The UK is due to leave the EU with or without a deal at the end of October. With no deal in place, Britain would immediately fall outside the EU’s trade regime.
The Southern African Customs Union (Sacu), of which SA is a member state, has an “in-principle” agreement with the UK to replicate the existing economic partnership agreement the customs union has with the EU. Sacu includes SA, Botswana, Lesotho, Namibia and Eswatini. Mozambique is also included in the roll-over deal.
Failure to conclude the arrangement would have implied new tariffs on 114 lines of export interest to SA, notably on vehicles, textiles and clothing, and sugar, according to the department of trade and industry.
The UK is SA’s fifth largest trading partner. Trade between the two increased from R63.7bn in 2012 to R106.2bn in 2018. SA exports R64bn worth of goods through the EU customs union, duty free, of which R10bn is from Western Cape industries such as fruit and wine.
At the moment, trade between the UK and each of the Southern African countries is facilitated under the Sadc-EU Economic Partnership Agreement (EPA), which provides preferential market access with almost all trade between the regions.
Trade and industry minister Ebrahim Patel said during a media briefing on Wednesday that an exit in which the UK leaves the EU without any agreement would add significant costs to exporting and importing goods for both sets of countries, as higher tariff duties will need to be added to the cost of trading between the UK and SA.
The new agreement, which will be known as the Sacu [Mozambique]-UK Economic Partnership Agreement, will effectively roll over and replicate the terms of trade present in the existing Sadc-EU EPA, including in respect of tariffs, quotas, rules of origin, and health and safety regulations, the department said. The new EPA will come into effect in the event that the UK leaves the EU on October 31, and will govern bilateral trade between the six Southern Africa countries party to the deal on the one side and the UK on the other.
The processes to bring the new EPA into effect are currently underway. Once signed and endorsed by the cabinet, the agreement will be submitted to parliament for ratification.
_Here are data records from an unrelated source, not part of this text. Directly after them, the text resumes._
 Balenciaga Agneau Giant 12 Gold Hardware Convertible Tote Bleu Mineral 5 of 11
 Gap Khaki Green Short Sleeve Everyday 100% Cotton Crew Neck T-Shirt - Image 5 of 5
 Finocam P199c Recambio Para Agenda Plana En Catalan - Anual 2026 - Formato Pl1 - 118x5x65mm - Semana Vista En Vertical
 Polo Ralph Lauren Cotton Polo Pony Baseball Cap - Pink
Memorandum of understanding
The agreement will also require ratification by the parliaments of the other affected countries. The department of trade and industry said given the time available until October 31, a memorandum of understanding has been agreed, which will allow trade to continue on the agreed terms in the EPA, in the event that the ratification process has not been completed by the date the UK leaves the EU.
“We are aware that there remains an ongoing debate in the UK regarding Brexit, including timing and any terms of exit,” said Patel. “However, we are pleased that regardless the outcomes of these processes, our trading relationship with the UK can continue without disruption. This is important for the thousands of SA workers whose jobs are dependent on this trade; and for the investors who have used SA as an export base to the UK and the rest of the world.”
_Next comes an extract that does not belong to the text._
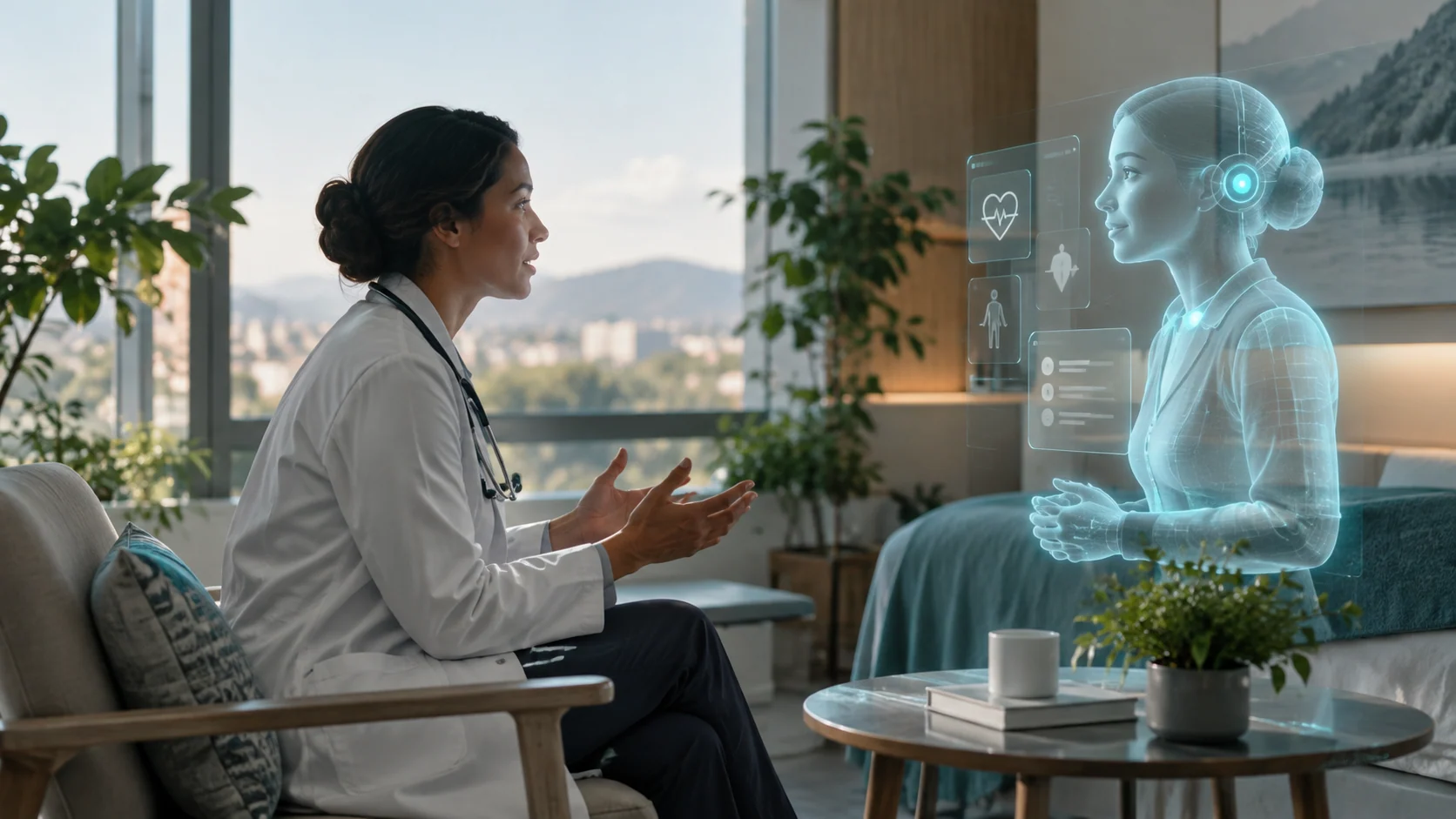 Concept illustration: How AI in Healthcare Is Improving Patient Support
DA MP and trade and industry spokesperson Dean Macpherson said that while the deal is a welcome sigh of relief for SA’s ailing economy — especially for the agricultural and financial sectors — it still remains important that Patel accedes to the DA’s call to table an executive member’s statement in parliament.
“This will allow all political parties to express themselves on this matter as it will be parliament that will ultimately have to ratify this agreement,” said Macpherson. “The DA believes that this agreement will give the business community the confidence it needs to invest in long-term production and capacity, which will result in increased jobs.”